Hillman notes that our society has a long history of believing
that information is a bad thing. “Information and education
allow us to make good choices,” says Hillman about sexual
intercourse and other sexually-related activities. “[People]
should be allowed to experiment to the degree that they want to.
While quick to say that the culture we live in is a sex-negative
one, Hillman, like many of us, supports the use of sex-toys as a
healthy and beneficial part of sex. “It’s wonderful
to know about [toys] and wonderful to know how to use them,”
Hillman stresses. “They are the whipped cream on the cake;
they can be emotionally and physically a turn-on.”
She adds, “If someone doesn’t like [sex-toy parties],
fine, don’t participate.
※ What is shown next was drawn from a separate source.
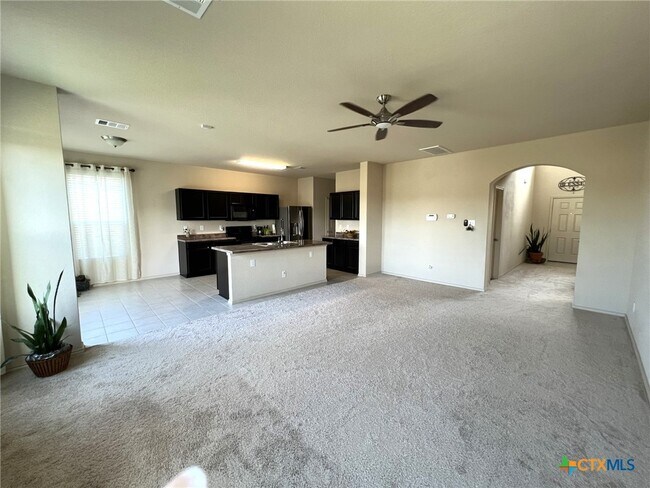 Foto del edificio - 1057 Clarkston Dr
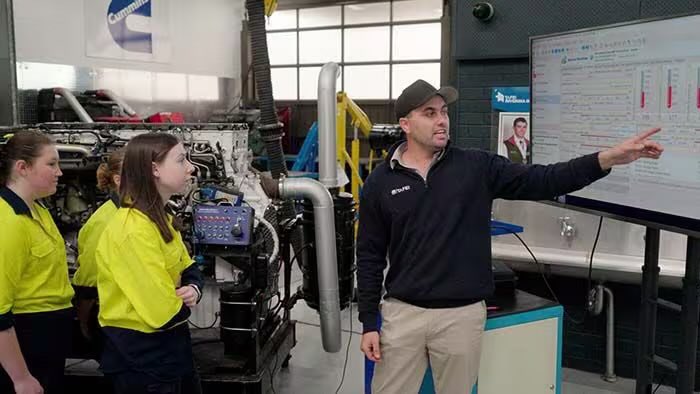 During the past 3 years, more than 3,000 industry partners have participated in the Regional Industry Education Partnerships program activities with more than 180,000 students from over 850 NSW schools. Outstanding work experience for our students! education.nsw.gov.au/news/latest-ne…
But [we] have the right to buy [toys]
and the right to use them.
And of privacy rights, Webb declares, “It’s ludicrous
to think that the government can step into our bedrooms.”
Sisemore supports her client’s opinion forcefully. “I
particularly believe that we have a right to privacy in our homes,”
she
maintains. “Here, in the Bible Belt, women need to get
out of the closet.”
But Sisemore isn’t the only one who touches on women’s
rights. Take Dell Williams, women’s rights activist and creator
of EvesGarden.com,
who stepped up to back Webb.
Williams cites fear as one of the main motivations for stifling
sexual openness, particularly in women. “Our society is fearful
of supporting sexual freedom,” she affirms. “It is frightening
[for some] to know that women can become empowered [through sexuality].”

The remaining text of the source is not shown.